[Records shown — start]

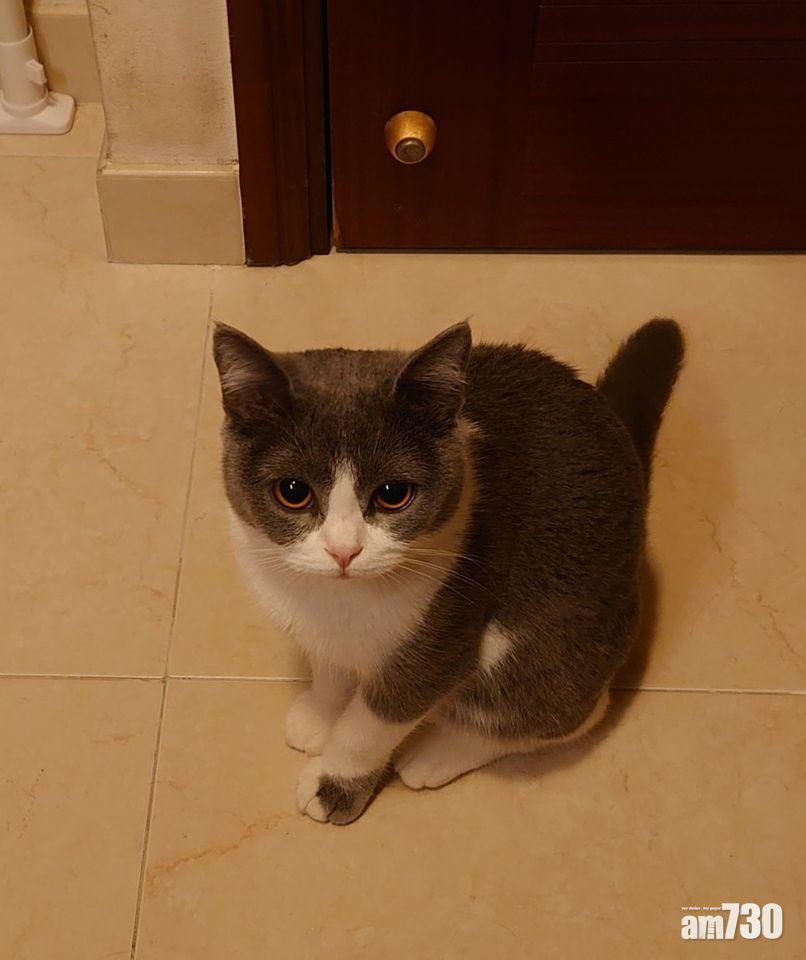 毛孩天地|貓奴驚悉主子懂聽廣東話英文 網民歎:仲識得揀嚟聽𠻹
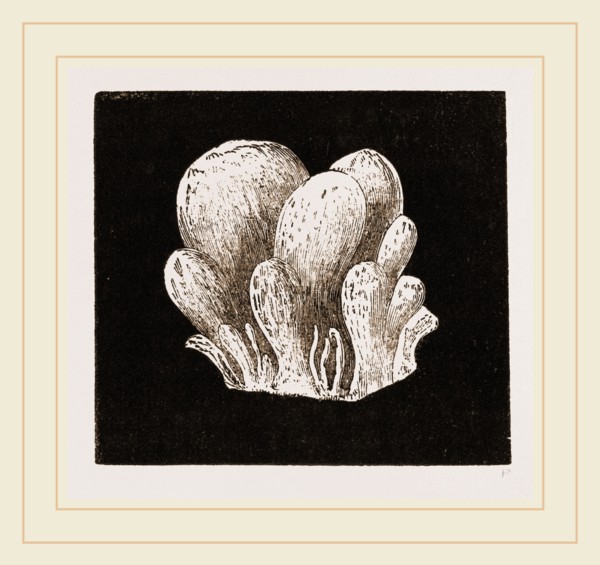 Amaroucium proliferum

[Records shown — finish]
[Records shown — start]

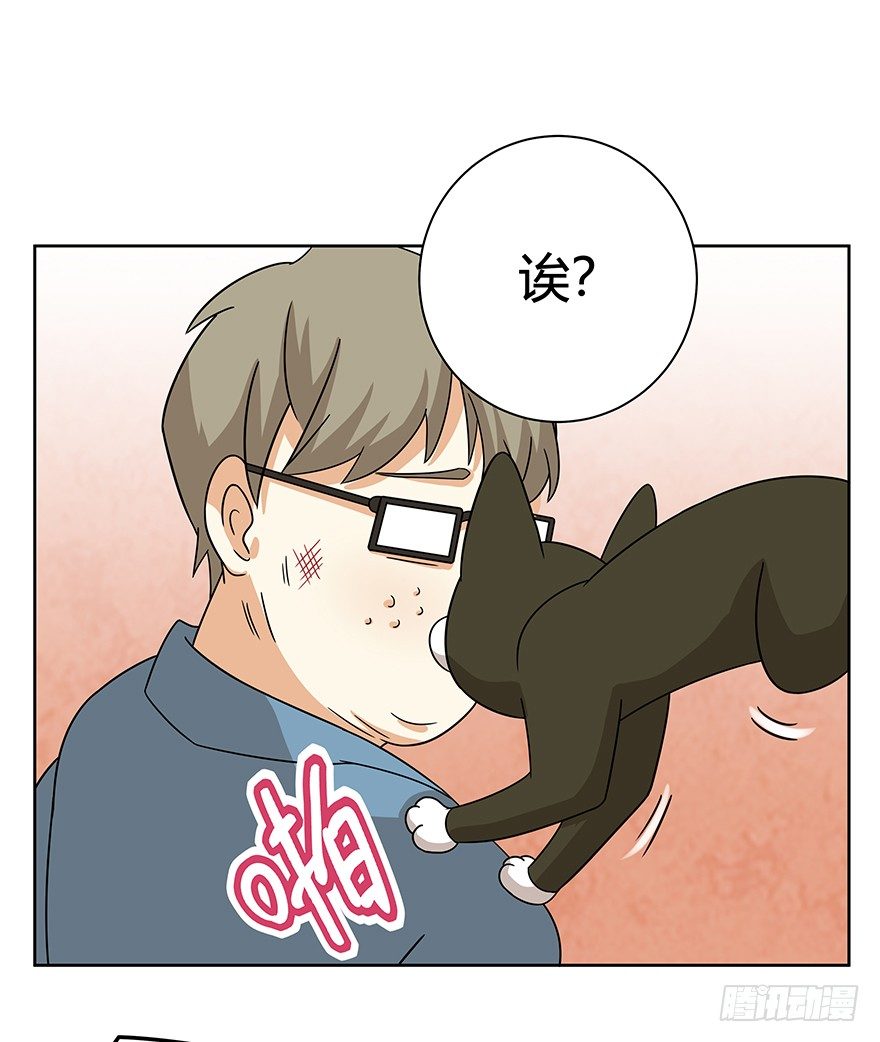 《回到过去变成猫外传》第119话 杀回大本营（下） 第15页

[Records shown — finish]
[Records shown — start]

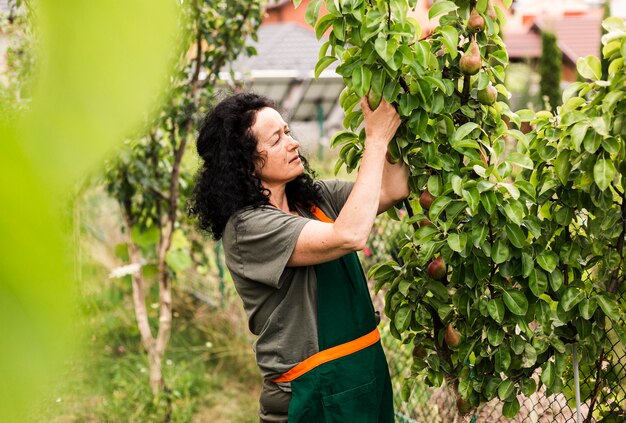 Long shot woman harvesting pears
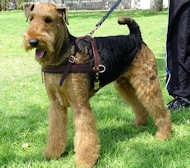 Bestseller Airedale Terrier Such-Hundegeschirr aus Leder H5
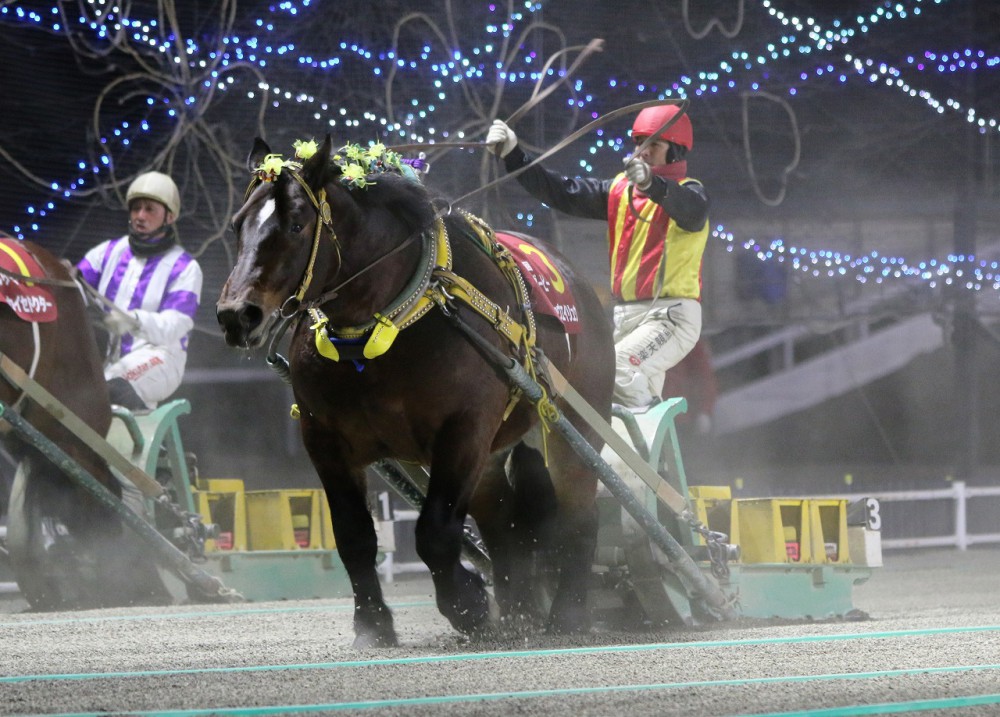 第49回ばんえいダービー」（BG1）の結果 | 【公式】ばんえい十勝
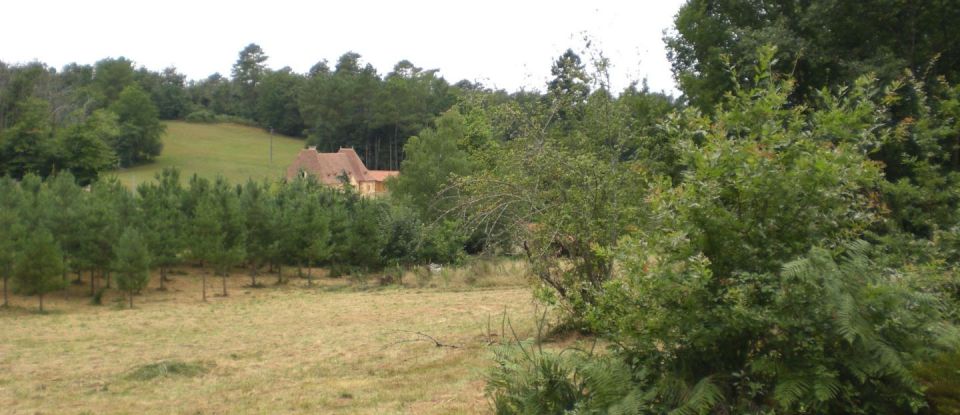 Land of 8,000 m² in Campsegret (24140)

[Records shown — finish]

What is needed: In the records above, copy exactly everything from the line that has "Long shot woman harvesting pears" down to the line that has "Land of 8,000 m² in Campsegret (24140)", both ends included, and leave out the pictures.

Answer to this problem:
 Long shot woman harvesting pears
 Bestseller Airedale Terrier Such-Hundegeschirr aus Leder H5
 第49回ばんえいダービー」（BG1）の結果 | 【公式】ばんえい十勝
 Land of 8,000 m² in Campsegret (24140)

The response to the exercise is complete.